C’était un mensonge.

Ensuite, une agence spécialisée des Nations unies nous a accusés de fournir des armes à la résistance.

C’était également faux. Pourquoi nous accuser gratuitement ? Pourquoi les institutions internationales acceptent-elles d’être les otages des Américains ?

Tout cela s’inscrit dans le contexte d’un échec de la politique américaine en Somalie et dans la Corne de l’Afrique. Il faut qu’ils mentent ou qu’ils désignent des boucs émissaires pour masquer leur échec.

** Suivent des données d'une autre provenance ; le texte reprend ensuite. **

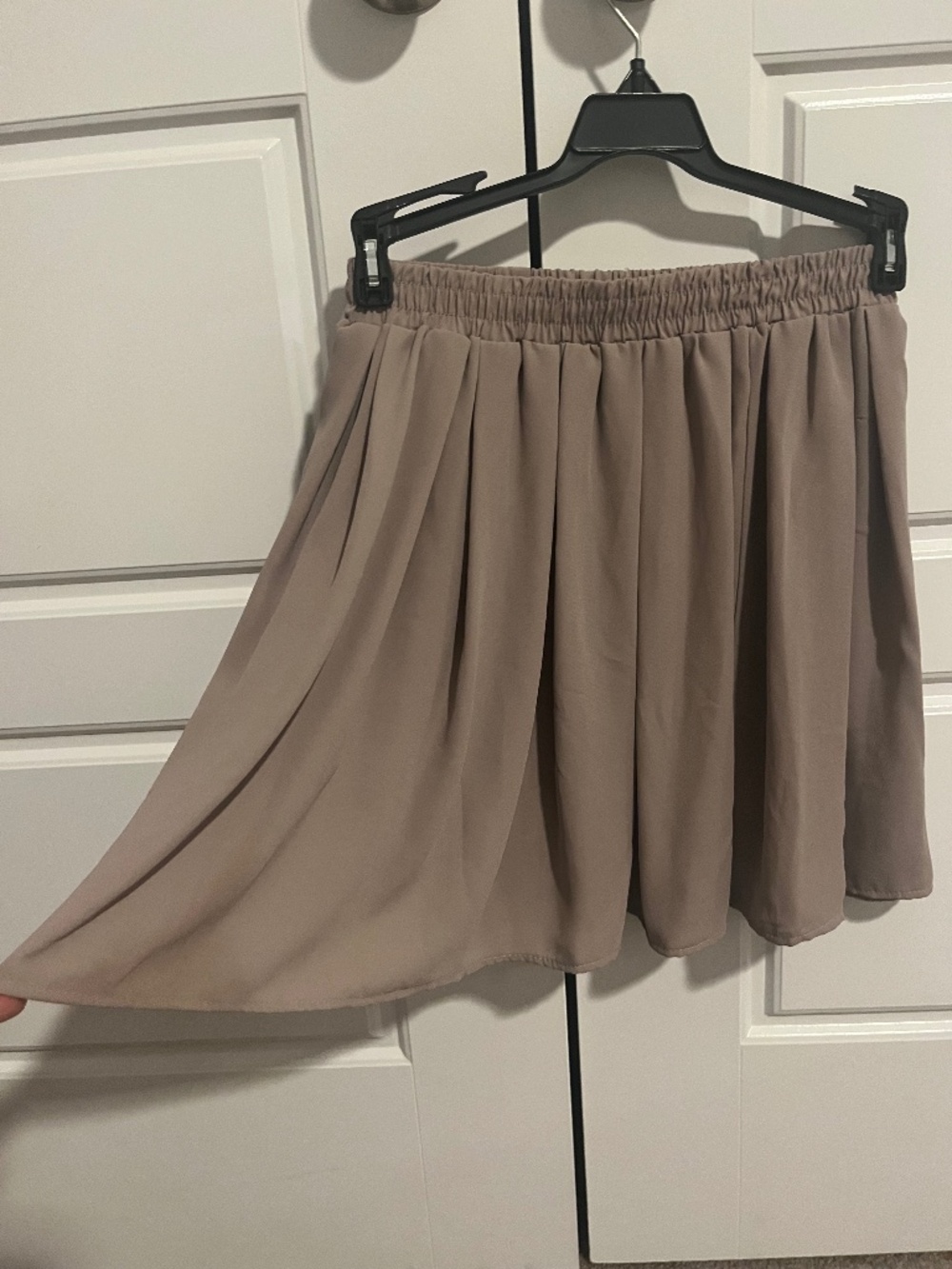 Brandy Melville pleated shorts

Comment voyez-vous évoluer la situation en Somalie alors que des négociations de paix ont démarré à Djibouti ?
C’était une réunion voulue et organisée par l’administration américaine. L’ONU n’était qu’une couverture. Un dialogue politique prometteur était en oeuvre depuis deux ans en Somalie. Les Etats-Unis ont tout fait échouer. Comment imaginer qu’ils puissent se convertir aujourd’hui en « honnête courtier » ?

Parlons de la situation intérieure en Erythrée. Il n’y a pas d’élections générales, pas de partis politiques, pas de presse libre, mais des prisonniers politiques incarcérés sans jugement. Comment justifier cela ?
Je ne vais pas maquiller mon visage pour plaire à l’administration américaine.

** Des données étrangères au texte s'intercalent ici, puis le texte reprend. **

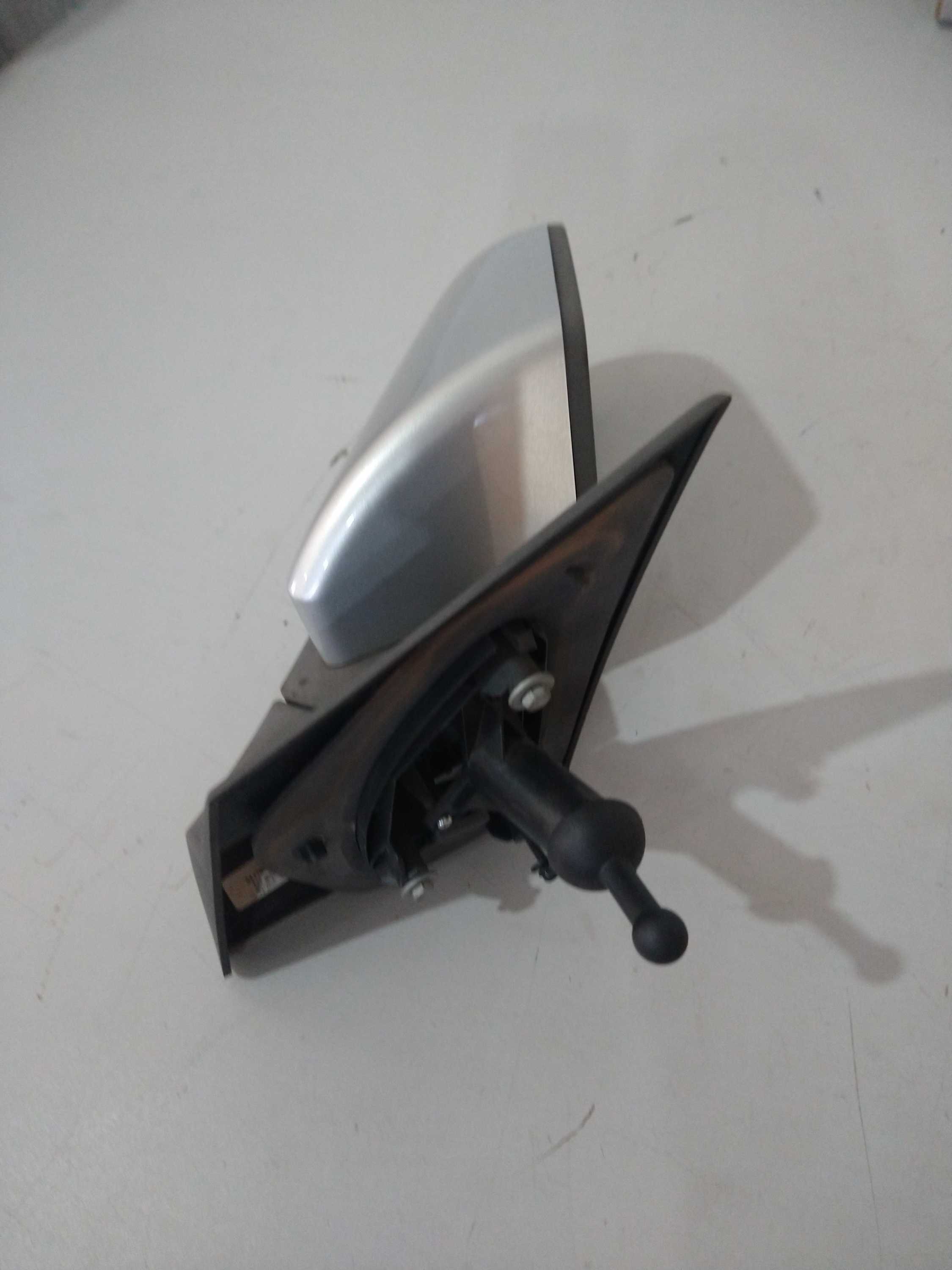 Retrovisor Direito Do Chevrolet Prisma 2014/2016 Usado Orig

Cela ne m’intéresse pas. En Erythrée, le « processus politique », c’est vrai, a été interrompu par la guerre et l’intervention persistante de Washington dans le conflit.

Que la situation s’améliore et le processus politique reprendra. Je préfère ce mot à celui de « démocratisation ». Nous sommes en Afrique et le pluralisme politique, la liberté de la presse ne se posent pas dans les mêmes termes que chez vous. Il nous faut tenir compte de la réalité locale. Pensez-vous que ce qui s’est passé au Kenya, ce qui se passe au Zimbabwe est la bonne solution ? Moi pas.

Comment justifier les prisonniers politiques, les journalistes emprisonnés ?
Nous n’avons pas de prisonniers politiques en Erythrée. Aucun.

Mais il y a des journalistes en prison…
Ce ne sont pas des journalistes. Ils sont incarcérés pour des questions liées à la sécurité de ce pays.

Alors, pourquoi ne pas les présenter à la justice ?
Nous ne le ferons pas dans les circonstances présentes. Nous avons d’autres priorités et nous n’avons de leçon à recevoir de personne, en particulier pas des Etats-Unis.

Beaucoup de jeunes ne rêvent que de partir à l’étranger. N’est-ce pas l’aveu d’un échec ?
Non. C’est une campagne orchestrée contre nous.